会場では5、6章にセクション分けしているが、構成は渡仏前からフランスにわたって独自の画風を掴むまでと、一躍パリの寵児となって以降、というふたつに大別できるだろう。さらにオマケとして、フジタと親交のあった同時代の美術家たちの作品がいくつか展示されている。
前半、大ブレイク前の作品群はどこか一時期の竹久夢二を連想させるような…というか、その時代の流行スタイルをなぞったような、つまりは洒落てはいるけれども既視感のある作品群だ。この手のレトロなスタイルは、今でも雑誌や広告のイラストレーションとしてじゅうぶん使えそうな気がする。
続いてあの輝く乳白色、フジタと言われて誰もがすぐにイメージできる作品が登場する。彼が時代の申し子として注目を浴びたのはこの時以降で、なんというか、ひとつひとつの作品から発せられるオーラが違う。こちらもただただ感心して眺めるほかない。
先に展示会場の不満を述べたけど、「美術館[えき]KYOTO」にひとつ良い点があるとすれば、対象作品との距離がうんと近いことが挙げられるだろうか。他の会場のような、だだっ広い公立美術館ではおそらく許されないかもしれない距離まで近づいて、じっくり絵をなめ回すように観察することだって可能だ。なので、面相筆を使って描かれたというその描線の繊細さを、今回は存分に堪能できたのが嬉しい。フジタの絵って使用している画材こそ油絵の具なのかもしれないけれど、技法というかスタイルは日本画のそれだよなあ、ということを実感した。それでいて彼の肌の描き方は日本画よりも肉感的で生々しく、裸婦像の官能性にはまったくぞくぞくする。
裸体画ではないけれど、「ロジータ・ド・ガネイ伯爵夫人の肖像(1923年)」の繊細さにはしびれた。凛とした気品があってたいへん美しい。今回もっとも長く滞在した絵のひとつかもしれない。
「…風に」と題された一連の連作もとても面白かった。これは当時の妻ユキのために描いたごくプライヴェートな作品で、当時の著名画家たちの作風を真似て描いたスケッチ。取り上げられた作家はレジェ、ゴーギャン、ユトリロ、ブラック、ピサロ、マティス、ローランサン、デュフィ、コクトーなど盛りだくさんで、レンブラント風とかルノワール風というのもあった。さすがに特徴を捉えるのが上手いけれども、そこに皮肉や諷刺の意図はなく、純粋にいろんな画家のスタイルを描き分けることを楽しんでいるようなので、観ているこちらもついにやにやしてしまうシリーズだった。

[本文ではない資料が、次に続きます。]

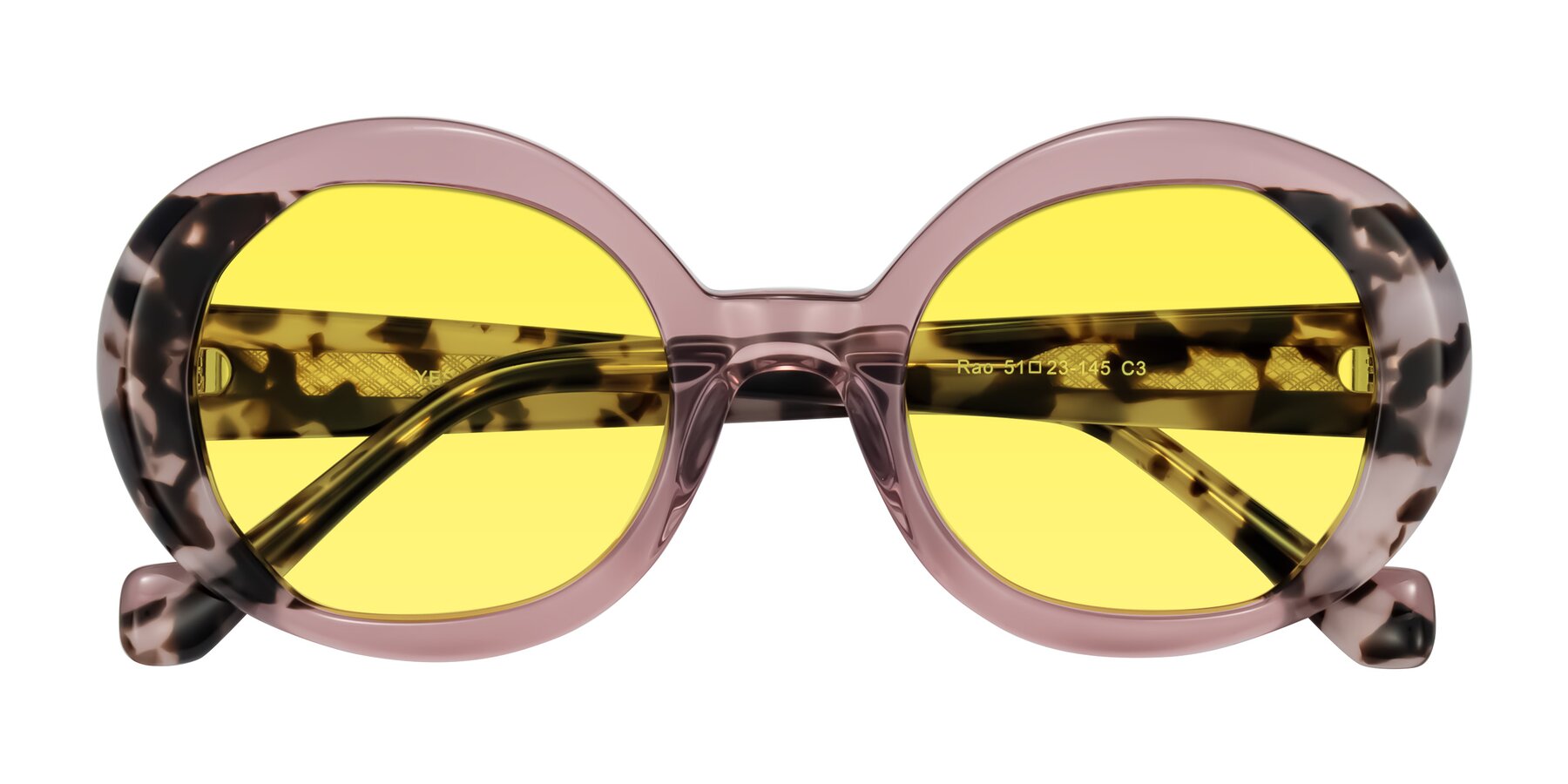 Folded Front of Rao in Pink/Ivory Tortoise with Medium Yellow Tinted Lenses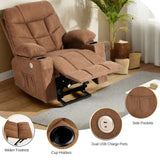 YITAHOME Electric Power Lift Recliner Chair for Elderly, Fabric Recliner Chair with Massage and Heat, Spacious Seat, USB Ports, Cup Holders, Side Pockets, Remote Control (Brown) YITAHOME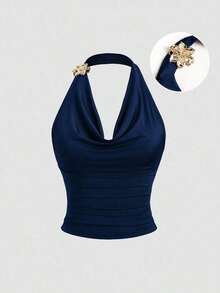 Top sin mangas con cuello de volantes inspirado en el estilo vintage, diseño de cintura fruncida, top de verano de moda para mujeres - Azul marino - Ver 1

「キース・ヴァン・ドンゲン風に」がもっとも多く、3枚もあったけど、よほど真似しやすかったのかなあ。いやはや楽しい楽しい。
* * *
売店には図録や各種グッズに混じって、大部の画集があった。
●LÉONARD FOUJITA { INÉDITS PAR SYLVIE BUISSON
À l'encle rouge-Archives Artistiques, 2007
ISBN 978-2-917330-00-5
今回の図録の巻頭論文を執筆している、パリ在住の美術史家シルヴィー・ビュイッソンによるフジタの研究書。タイトルは「未発表」という意味だがどういうことなんだろう。仏アマゾンを検索してみると同著者によるフジタ関連本は他にいくつもあるようだ(フジタ作品の総合カタログも著している由)。
本書はもちろん全編フランス語で書かれているんだけど、日動美術財団が編集に協力していて、日本語訳がところどころについているのがありがたい(抄訳だろうけど、他に英語もあり)。
第一級の専門家による詳細な評伝が読めるのはさておいても、なにより図版の美しさに惹かれてつい購入してしまった。全ページ光沢のあるアート紙で、それがフジタの作風にとてもよく似合ってるように感じたのだ。アート紙は指紋が付着しやすいので敬遠されるのか、最近の図録はほとんど全てと言っていいほどマットコート紙が使われていて、発色はまあまあなんだけど色が沈むのでどうしても少しくすみがちになるのが玉に瑕なのだ(図録だけでなく大判の画集なんかでもマット系が主流じゃなかろうか)。そんな中、艶のある高級アート紙で作られたこの本には眼を奪われてしまった。…と、内容ではなく本の体裁のことばかり語ってしまったが、もちろん中身も楽しみ。1920年代のシャンソンを聴きながら、休日にゆっくり楽しみたい一冊であります。